Islamabad has erected more than 900 border posts and built about 35km of fence in parts of the Federally Administered Tribal Areas where there are frequent militant crossings, according to Major Gen Athar Abbas, a spokesman for the Pakistan army. "We fenced areas where there were known crossings and the Afghan government objected," Major Gen Abbas said. "Since this was being paid for with coalition funds, we reported the matter to the Nato coalition and said, 'Look, one of the members wants us to stop'."
Pakistani authorities also tried to open a biometric identification station at the Chaman border crossing in 2007. Afghan traders protested so violently that they forced the border to close briefly. Officials in Islamabad are weary of being blamed for problems along the border and say the Afghan government has blocked efforts to better regulate the frontier. "The Afghan leadership cannot have their cake and eat it, too," said Mohammed Sadiq Khan, a spokesman for Pakistan's foreign ministry. "If they don't want a porous border, then there has to be more regulation. We are ready to document every person who crosses and we are ready to work in partnership with the Afghans on this."
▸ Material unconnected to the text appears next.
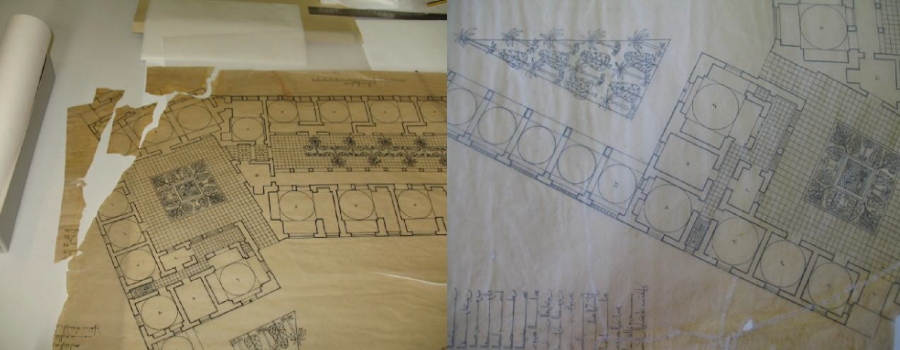 Hassan Fathy's architectural plan before and after repair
The fence proposal goes to the heart of thorny territorial and trade disputes that have long festered between the two hostile neighbours. The mountainous frontier was mapped out in 1893 by Sir Mortimer Durand, then foreign secretary of the British Indian government, who demarcated the boundary of his colony with the Afghan ruler at the time, Abdur Rahman Khan. It is now known as the Durand Line. The Kabul government argues the pact expired when British colonialists left the region almost seven decades ago.
The Durand Line divided the Pashtun community, and to this day many Afghans claim large swathes of Pakistani territory, including the bustling frontier cities of Peshawar and Quetta, rightfully belong to Afghanistan. Islamabad has long feared separatist ambitions among its Pashtun community. Meanwhile, officials in Kabul privately worry a border fence would finalise the Durand Line as the international boundary with Pakistan. Most countries already recognise the line as the de facto border.
Another sticking point is related to trade. Pakistan complains that billions of dollars worth of illegal narcotics and untaxed commodities are smuggled across the frontier every year, creating a culture of criminality and costing Islamabad millions in lost customs revenue. A 1965 bilateral agreement allowing goods to be transported duty-free from Pakistan's coast to landlocked Afghanistan gave birth to the so-called U-Turn scheme. Pashtun trucking companies carry goods ranging from refrigerators to foodstuffs from Karachi up to the border areas, whereupon they get smuggled back into Pakistan to avoid Islamabad's protectionist customs fees.
Another problem is the flow of drugs across the border. Pakistan has more than three million heroin addicts, the result of decades of narcotics being smuggled from Afghanistan. In 2007, Pakistan was named a major trafficking country by the United States. Mr Khan, the foreign ministry spokesman, said Iran, Uzbekistan and Tajikistan, which neighbour Afghanistan, all erected walls and border checkpoints to monitor the flow of people and goods without complaint from Kabul.
"We need to document every crossing and stop illegal crossings," Mr Khan said. "We have to stop the flow of miscreants, weapons, drugs and other smuggled goods." Major Gen Abbass also called on the Afghan army and Nato forces to increase troop levels along the border, saying they had 80 per cent more troops posted to the frontier than on the other side. "We admit we have a capacity problem with our Frontier Corps and we are working to fix it," Major Gen Abbass said. "But we are frustrated by always being blamed. Is the border problem only one side's responsibility to fix?"